Druck zu groß
Plagiatsaffäre: Deutsche Ministerin Schavan tritt zurück
Merkel hatte sich nach der Aberkennung von Schavans Doktortitel durch die Universität Düsseldorf (siehe Infobox) zunächst nicht klar zur politischen Zukunft ihrer Vertrauten Schavan geäußert. Das war vielerorts bereits als Zeichen einer Abkehr gedeutet worden. Nach Abschluss des EU-Gipfels in Brüssel am Freitag hatte sie lediglich ein Gespräch mit Schavan angekündigt.
Die Ministerin, die alle Plagiatsvorwürfe bestreitet und Klage gegen den Universitätsbeschluss angekündigt hat, war erst am Freitagabend von einer Dienstreise aus Südafrika zurückgekehrt. Bei ihrer Ankunft wurde sie von einer Fotografen-Meute empfangen. Schavan hielt sich in ihrem Dienstwagen eine Jacke über den Kopf, um sich vor dem Blitzlichtgewitter zu schützen.
Schavan: "Das Amt darf nicht beschädigt werden"
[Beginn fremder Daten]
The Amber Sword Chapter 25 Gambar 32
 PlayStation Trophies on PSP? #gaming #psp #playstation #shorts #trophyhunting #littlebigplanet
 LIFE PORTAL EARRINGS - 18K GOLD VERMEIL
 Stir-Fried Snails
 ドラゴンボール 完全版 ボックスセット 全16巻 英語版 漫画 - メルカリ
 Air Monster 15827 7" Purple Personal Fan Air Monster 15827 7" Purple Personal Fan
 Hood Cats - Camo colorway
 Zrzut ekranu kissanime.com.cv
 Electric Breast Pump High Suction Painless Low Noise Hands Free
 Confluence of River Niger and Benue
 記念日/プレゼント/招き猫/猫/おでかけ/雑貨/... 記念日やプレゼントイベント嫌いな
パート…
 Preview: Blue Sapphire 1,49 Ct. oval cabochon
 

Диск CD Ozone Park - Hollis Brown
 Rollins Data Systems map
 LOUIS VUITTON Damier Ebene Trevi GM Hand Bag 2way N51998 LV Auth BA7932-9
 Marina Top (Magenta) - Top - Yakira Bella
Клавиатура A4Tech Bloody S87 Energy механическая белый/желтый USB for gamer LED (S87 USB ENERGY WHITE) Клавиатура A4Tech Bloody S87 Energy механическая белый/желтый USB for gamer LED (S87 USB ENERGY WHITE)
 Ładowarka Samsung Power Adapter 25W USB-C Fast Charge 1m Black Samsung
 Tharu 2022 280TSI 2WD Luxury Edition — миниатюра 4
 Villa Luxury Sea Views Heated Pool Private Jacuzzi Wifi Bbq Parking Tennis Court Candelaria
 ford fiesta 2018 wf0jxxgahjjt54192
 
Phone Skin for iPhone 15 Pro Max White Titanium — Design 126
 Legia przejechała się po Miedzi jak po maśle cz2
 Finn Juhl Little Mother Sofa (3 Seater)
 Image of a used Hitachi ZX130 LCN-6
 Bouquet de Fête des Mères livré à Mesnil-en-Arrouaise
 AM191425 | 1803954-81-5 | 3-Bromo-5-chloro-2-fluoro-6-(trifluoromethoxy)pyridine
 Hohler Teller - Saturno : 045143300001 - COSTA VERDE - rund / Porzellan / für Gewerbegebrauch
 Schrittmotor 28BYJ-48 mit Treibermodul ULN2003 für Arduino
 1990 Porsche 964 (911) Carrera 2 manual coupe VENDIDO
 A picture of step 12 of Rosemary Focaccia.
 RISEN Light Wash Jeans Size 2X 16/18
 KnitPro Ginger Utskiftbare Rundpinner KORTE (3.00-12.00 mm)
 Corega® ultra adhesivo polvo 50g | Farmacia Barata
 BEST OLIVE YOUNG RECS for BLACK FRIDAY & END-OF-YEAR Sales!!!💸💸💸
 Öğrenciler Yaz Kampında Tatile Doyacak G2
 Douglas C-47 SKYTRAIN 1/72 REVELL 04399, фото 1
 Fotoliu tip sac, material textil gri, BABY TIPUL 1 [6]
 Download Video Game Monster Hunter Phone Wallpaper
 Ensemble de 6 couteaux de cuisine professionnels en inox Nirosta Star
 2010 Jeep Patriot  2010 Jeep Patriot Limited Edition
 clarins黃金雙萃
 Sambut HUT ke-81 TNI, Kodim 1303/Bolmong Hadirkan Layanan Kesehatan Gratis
Nach der Unterredung mit Merkel im Kanzleramt sagte Schavan einmal mehr, sie habe weder abgeschrieben noch getäuscht. "Die Vorwürfe treffen mich tief", so die CDU-Politikerin. Sie wolle mit ihrem Rücktritt Belastungen für das Amt und die Bundesregierung vermeiden. "Das Amt darf nicht beschädigt werden", sagte Schavan am Samstag. Sie wolle sich nun auf ihr Bundestagsmandat konzentrieren.
Merkel bedauerte den Abgang Schavans. Mit ihr verlasse "eine der anerkanntesten und profiliertesten Bildungs- und Forschungspolitikerinnen des Landes" die Regierung. "Bildung und Wissenschaft verdanken ihr viel", so die Kanzlerin weiter. Schavans designierte Nachfolgerin Wanka bringe als promovierte Mathematikerin und langjährige Wissenschaftsministerin in Brandenburg und Niedersachsen "beste Voraussetzungen" mit, betonte Merkel. Bundespräsident Joachim Gauck soll die 61-Jährige am Donnerstag offiziell zur Ministerin ernennen.
Auch Politiker anderer Parteien zollten Schavan am Samstag Anerkennung. FDP-Chef Philipp Rösler erklärte, seine Partei habe "großen Respekt" vor Schavans Entscheidung. "Ihre Leistungsbilanz bleibt unbestritten." SPD-Chef Sigmar Gabriel nannte Schavan eine "hochanständige und kompetente Kollegin, um die es mir außerordentlich leidtut". Grünen-Fraktionschef Jürgen Trittin erklärte, er nehme den Rücktritt "mit Respekt" zur Kenntnis. Die Forschungssprecherin der Linken, Petra Sitte, würdigte Schavans "Offenheit für den Dialog".
Streitfall "Person und Gewissen"
Schavan hatte 1980 ihr Studium mit der Dissertation "Person und Gewissen – Studien zu Voraussetzungen, Notwendigkeit und Erfordernissen heutiger Gewissensbildung" abgeschlossen. In dieser gebe es laut dem Dekan der Uni Düsseldorf eine "irreführende Übernahme fremder Texte", also Plagiate, "in bedeutendem Umfang". Der Rat erklärte die Promotion für ungültig und entzog Schavan den Doktor-Grad.